The colonial precedence
The struggle to reconcile traditional Islamic values to Western modernist ones is not new in Northern Nigeria. It has a history that goes back to colonial times. After the conquest of Northern Nigeria (1900-1903), British colonizers faced several Islamic insurgencies. As I explained in an op-ed several years ago, many of these anti-British uprisings were organized by Muslims who were unwilling or unable to accept the new modernist order and instead sought to recreate what they understood to be ideal Islamic communities governed by Islamic moral prescriptions.
Despite these troubles, Northern Nigeria’s Islamic clerics and emirs eventually reconciled themselves to colonial institutions and modernity. They mastered imperial protocols and rituals, and constructed a productive relationship with metropolitan influences and modernist goods, all the while maintaining their traditional Islamic legitimacy.
As my ongoing book project titled Emirs in London will show, many of Northern Nigeria’s emirs and Muslim aristocrats traveled regularly to Britain and were at home in metropolitan cultural, political, and ideational circuits. Like Sheikh Gombe and Lau, they shopped for British goods, posed for photographs, and enjoyed the sights and sounds of London. Others visited the English monarch in Buckingham Palace, played Polo, watched and gambled on animal races in London’s racetracks, and then brought back British consumer and luxury goods to impress their subjects. Some, such as Muhammadu Dikko, the emir of Katsina, even redesigned the front façade of his palace to look like that of Buckingham Palace.
Northern Nigeria’s Muslim leaders of the colonial and early postcolonial period saw no conflict between their Islamic identity and devotion and British (and American) modernity. They navigated metropolitan spaces with ease and confidence. Because the emirs did not condemn British-borne modernity, their followers did not criticize their London adventures. Instead their subjects continued to look up to them for moral example. Despite the emirs’ entwinements in British culture and their copious consumption of British goods, their followers in Northern Nigeria regarded them as models of appropriate engagements with modernity and as Islamic arbiters of what constituted the acceptable limits of participation in Western culture.

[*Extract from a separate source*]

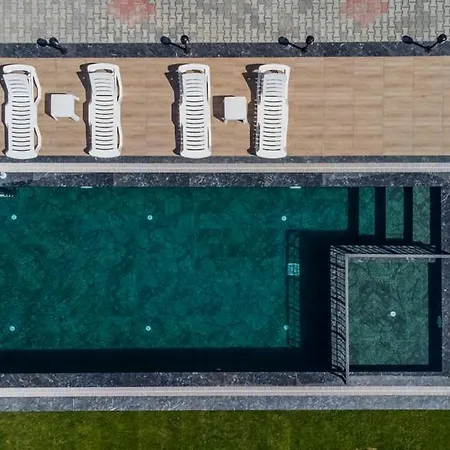 Havuzlu Sitede Luks Tatil Evi - Zeybek Apart 2 Apartment *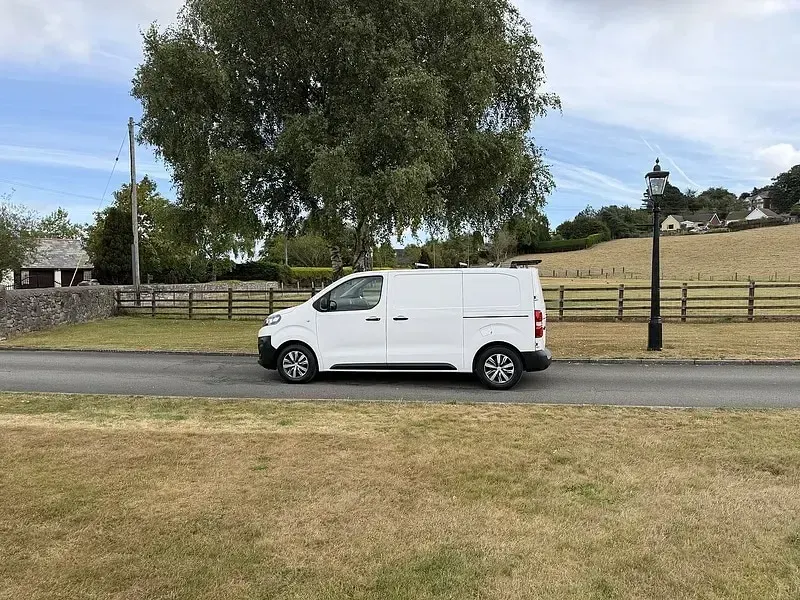 Used Citroën Dispatch 100 HP (73 kW) 2021 White MPV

The shift towards a more adversarial relationship with Western modernity and culture is thus recent, a product of the mainstreaming of the Salafi tendency in Northern Nigerian Islam.
At the same time, colonialism is implicated in the current struggle to define the relationship of Northern Nigeria’s Muslims with Western goods, ideas, and spaces.
Withholding Western education from the Muslim emirates, British colonizers had hoped to appease emirs and Islamic aristocrats whose support and cooperation they needed to rule the region. Instead, the decision saddled the region with a high rate of illiteracy in a postcolonial nation in which credentialed Western education still presents the most viable path to upward socioeconomic mobility. The resulting deficit of Western education has also provided a receptive audience to the anti-modernist, anti-Western ideologies espoused by Salafi clerics.
Lacking an educational pathway into the Nigerian economy, many Northern Nigerian Muslim youth are preys in the orbit of radical Salafi preachers. They are easily seduced by the Salafi clerics’ offer of Utopian moral escape from a corrupt society, and by their wholesale denunciation of a plethora of unfamiliar Western goods and cultural influences.
The ongoing ideological struggle in Northern Nigerian Islam, which the recent online debate encapsulates, is thus partly one between those entrenched in a modernist ethos and thus defensive of it and those suspicious of modernity and the unmediated influence of Western education and culture.